* [To do] Begin at the line below that has "vet tech with". Stop after the line that has "Kolsuz Uzun Kabardin Elbise - Gri", repeating each line exactly and leaving out the pictures.

Extracted entries Start Marker

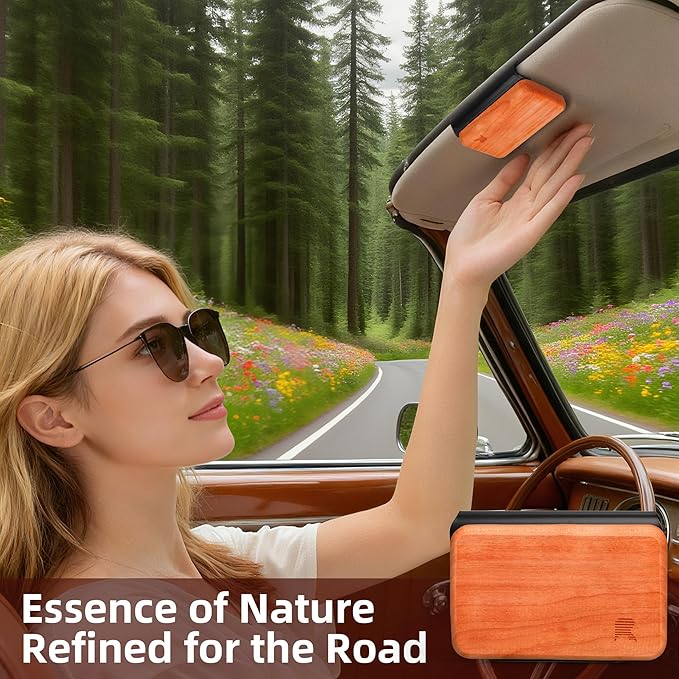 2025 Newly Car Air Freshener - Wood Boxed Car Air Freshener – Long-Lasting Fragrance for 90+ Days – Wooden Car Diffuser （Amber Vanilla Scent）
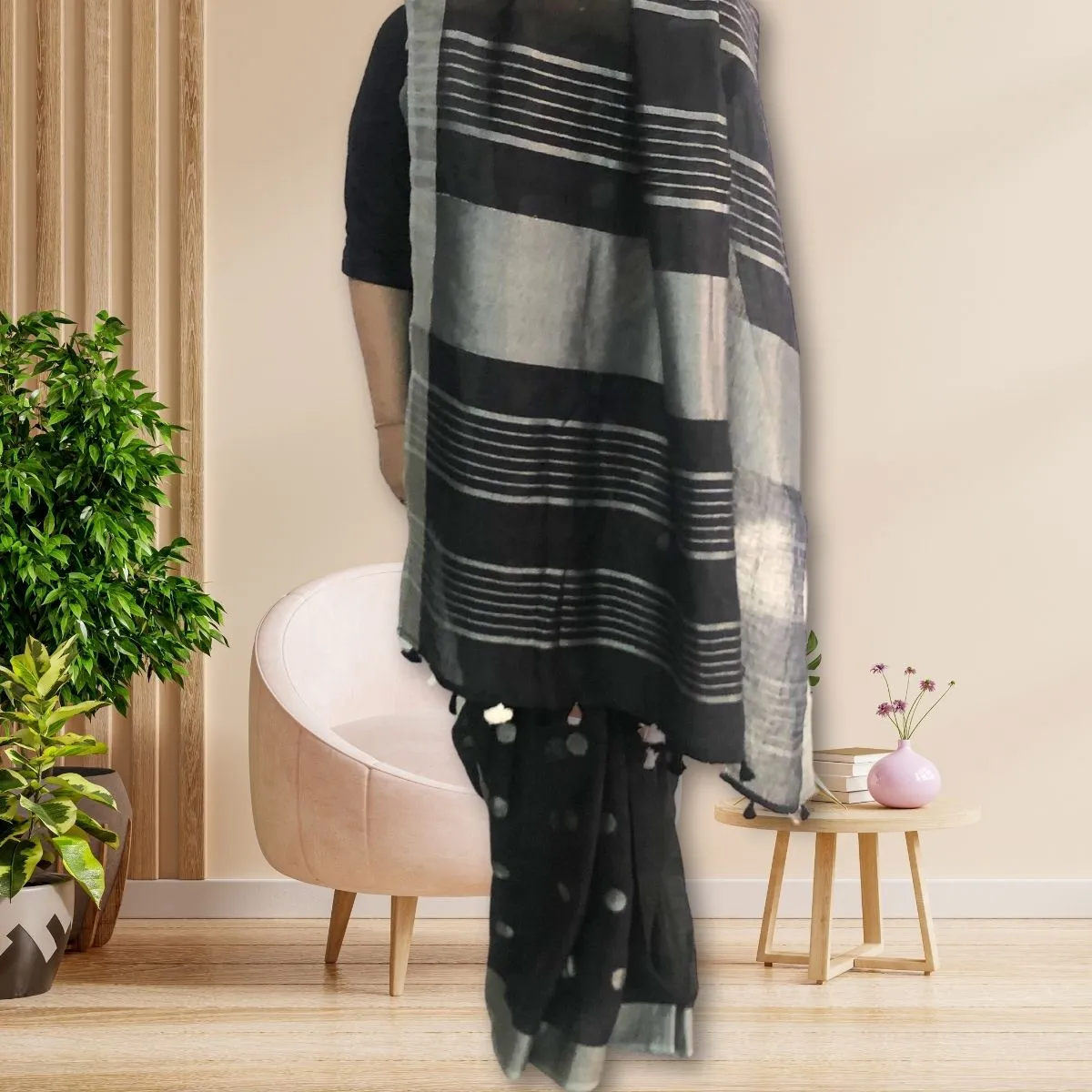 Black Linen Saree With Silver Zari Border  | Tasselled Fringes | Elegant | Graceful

Extracted entries End Marker
Extracted entries Start Marker

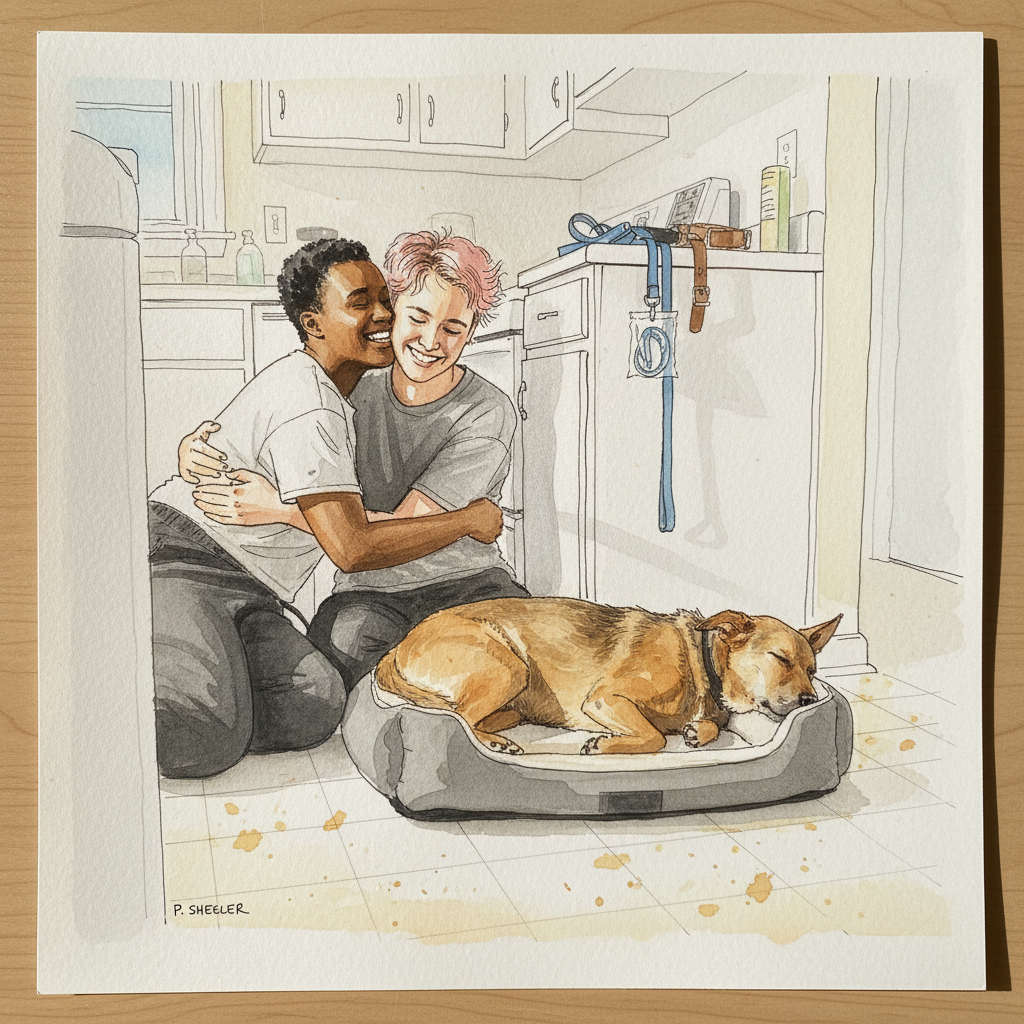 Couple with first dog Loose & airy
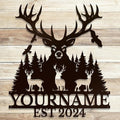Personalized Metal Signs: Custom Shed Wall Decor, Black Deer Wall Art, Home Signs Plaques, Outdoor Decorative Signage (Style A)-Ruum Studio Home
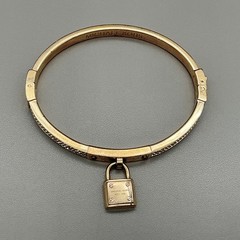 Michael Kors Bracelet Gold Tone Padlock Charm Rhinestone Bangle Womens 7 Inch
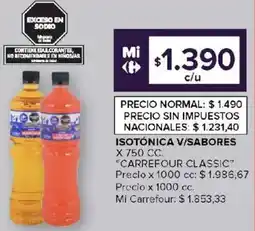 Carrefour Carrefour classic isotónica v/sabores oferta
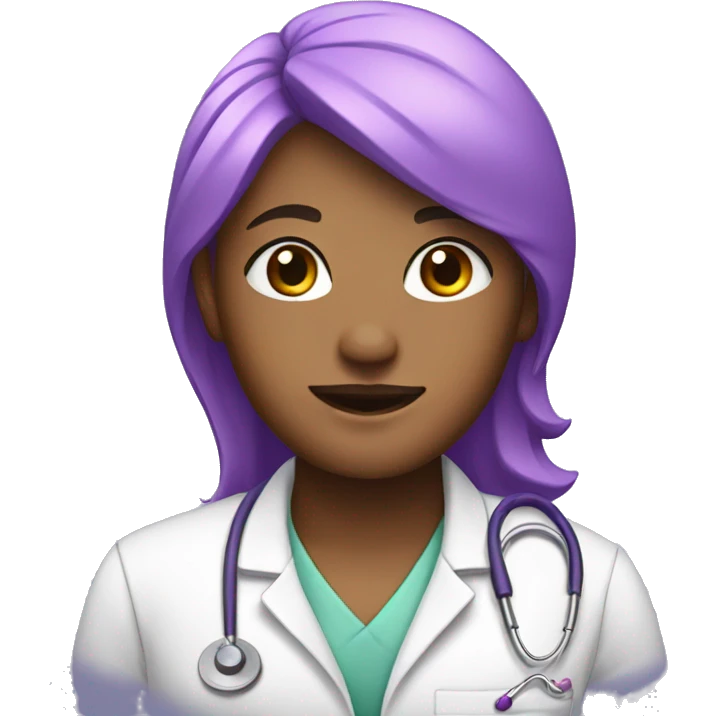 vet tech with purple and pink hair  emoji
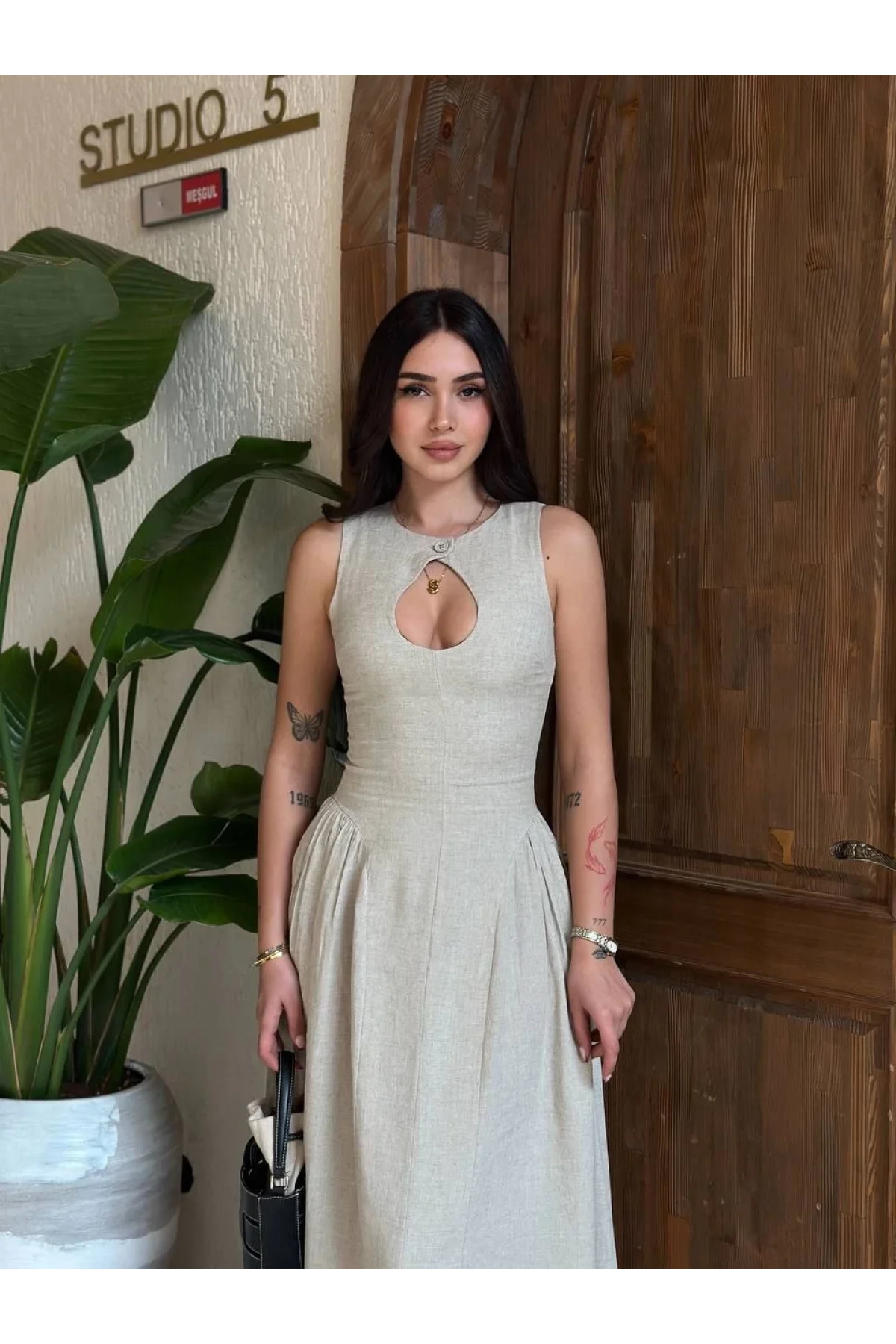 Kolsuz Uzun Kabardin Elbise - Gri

Extracted entries End Marker

* [Solution to this problem]
 vet tech with purple and pink hair  emoji
 Kolsuz Uzun Kabardin Elbise - Gri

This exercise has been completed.